Sky high intelligence

AI isn’t a toy but a useful tool, and it is now available to businesses through the Azure cloud, writes Jason Walsh

Annette Soraine, Microsoft services director at TEKenable. Picture: Justin Mac Innes

Technologies ebb and flow, that much is clear. Some, such as the metaverse and blockchain, appear to do more ebbing than flowing, and 2022 and 2023 have demonstrated that rarely do we know what the next big thing will be. Despite the billions poured into the aforementioned technologies, the real breakout has been artificial intelligence (AI).

Of course, the launch of OpenAI’s Generative Pre-trained Transformer (GPT) technology is the focus of attention today, with businesses wondering what, if anything, it can do for them.

It can do a lot, according to Annette Soraine, Microsoft services director at TEKenable.

“The big thing at the moment is AI, and as a Microsoft partner – Microsoft is leading the way with this – we can offer it to our customers,” she said.

In fact, TEKenable has a long history with AI, but the new tools now available are different.

“We’ve worked with AI for the last five or six years, [but] these later iterations are a massive leap forward. They are a lot more usable,” she said.

OpenAI’s GPT models, including GPT-3, are known for their ability to generate human-like text as well as perform a wide range of natural language processing tasks. By integrating OpenAI models into Azure, developers gain access to state-of-the-art language capabilities for their applications.

Crucially, this also makes GPT in Azure different from the public version on the internet.

“With Azure, OpenAI is right there within your cloud environment, and you are training it on your data. It’s not out on the internet and interfacing with other data.”

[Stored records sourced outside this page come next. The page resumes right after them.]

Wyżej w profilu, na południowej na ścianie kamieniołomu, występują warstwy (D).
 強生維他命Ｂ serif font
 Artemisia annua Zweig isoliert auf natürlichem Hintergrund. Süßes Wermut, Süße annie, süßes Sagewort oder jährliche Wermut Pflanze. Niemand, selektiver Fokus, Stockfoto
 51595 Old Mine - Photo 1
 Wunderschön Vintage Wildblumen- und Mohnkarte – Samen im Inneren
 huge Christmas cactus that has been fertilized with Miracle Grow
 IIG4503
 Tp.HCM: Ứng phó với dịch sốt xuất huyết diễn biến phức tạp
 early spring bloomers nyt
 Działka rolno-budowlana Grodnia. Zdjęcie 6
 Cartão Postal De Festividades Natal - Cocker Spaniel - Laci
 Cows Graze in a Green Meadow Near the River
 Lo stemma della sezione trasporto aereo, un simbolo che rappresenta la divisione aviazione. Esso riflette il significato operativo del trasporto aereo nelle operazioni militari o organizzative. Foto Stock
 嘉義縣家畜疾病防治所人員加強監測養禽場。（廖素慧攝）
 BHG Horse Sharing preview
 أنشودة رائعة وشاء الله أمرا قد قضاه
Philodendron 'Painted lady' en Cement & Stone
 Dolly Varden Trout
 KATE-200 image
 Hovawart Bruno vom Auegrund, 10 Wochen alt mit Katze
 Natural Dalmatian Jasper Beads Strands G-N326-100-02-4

Azure cloud now offers a comprehensive suite of tools and services designed to enable developers and organisations to build, deploy and manage AI-driven applications and solutions, Soraine said.

Azure Cognitive Services incorporates OpenAI’s models, allowing developers to leverage advanced language processing functionalities such as text generation, sentiment analysis, language translation and more, facilitating the creation of intelligent applications that can understand and generate human-like text.

In addition, by using Azure Machine Learning, developers can also deploy and manage OpenAI models at scale. This allows organisations to harness the power of OpenAI’s models for tasks like content generation, chatbots, virtual assistants and personalised recommendations, all based on data and training the organisation itself provides.

This has caught the attention of Irish business, Soraine said: “Everybody is interested and we’re doing a lot of discovery workshops”.

Of course, AI has already proved controversial, but according to Soraine businesses are more interested in it than afraid of it.

“Most people see it as an opportunity. For some it may be a risk but the majority of the conversations are about opportunities,” she said.

What those opportunities might be remains an open question as only the most obvious applications have been dreamt up so far. As OpenAI’s reinforcement learning models can be integrated with Azure it can enable training and deployment of intelligent agents in all manner of domains, with some suggesting it could have an impact on areas as diverse as robotics, gaming and autonomous systems.

Even those applications people are already sure of, however, are already finding it has a transformative effect.

“We think it’s going to be extremely disruptive in the contact centre space. The ability to train it on your actual data, and even train it to your tone, is very exciting,” Soraine said.

This means AI chatbots can now be created that are a significant leap forward from the ones hitherto seen. “We’ve all seen bots before, and some were very clunky,” Soraine said.

Despite fears of AI’s job-destroying potential Soraine said the companies she was talking to saw it as a way of retaining and attracting staff by giving them access to advanced technology in the cloud that could perform many routine tasks for them.

“We’re also seeing customers who want to retain stuff, recruit staff. It’s an employees’ market in a lot of senses and this helps a lot,” she said.

Indeed, taking the example of insurance contracts, AI could be put to work in simplifying client interaction, leaving the skilled employees to concentrate on their skilled task. The same could be said for accountancy and all manner of professions.

Even writers, who have perhaps expressed the most fear about AI, may find it is more of a useful tool than a threat. “Another area we are hearing about is in creating content for marketing,” Soraine said.